@svenjosh I missed the part where I said there is no noise in digital, of course there is. Crank up the ASA speed on a digital camera and you'll see plenty of it. One of the biggest differences between your cellphone camera and a serious digital camera is the bit depth of the sensor and thus dynamic range. This makes cellphone cameras much more sensitive to noise, especially quantization noise, as they have many more opportunities for values between bit levels. But none of this has anything to do with cables.

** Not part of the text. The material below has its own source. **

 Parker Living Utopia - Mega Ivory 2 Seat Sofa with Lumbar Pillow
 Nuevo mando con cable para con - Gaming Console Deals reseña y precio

Within the digital domain any change in sound from a digital source must be accompanied by a corresponding change in the digital bitstream describing that sound. However, if that were introduced by a cable, that would change the checksum and/or parity of the bitstream and would be sensed as an error, and corrected whether by CRC or parity error on the receiving end. This is true for copper, fiber, or wireless Ethernet, AES/EBU, or USB.
Changes in sound - and their corresponding changes in bitstream are prevalent before and after transport at Layer One. Buffering, latency, jitter, all the side effects of various digital filter algorithms, introduction of noise from all kinds of sources, phase noise, quantum and thermal noise from electronics, noise carried in from imperfect grounding schemes, RF noise; in fiber there is quantum (shot or 1/f) noise, thermal noise. My personal favorite, is dark current noise (eery sounding innit?) But i digress, that's a camera sensor thing. None of these are caused by an in spec interconnect.
The point is any change be being attributed to the cable is being done so contrary to the basic operations of frame or packet based digital signal transmission. Those audible changes may be occurring, just not during transmission of the in-band bitstream.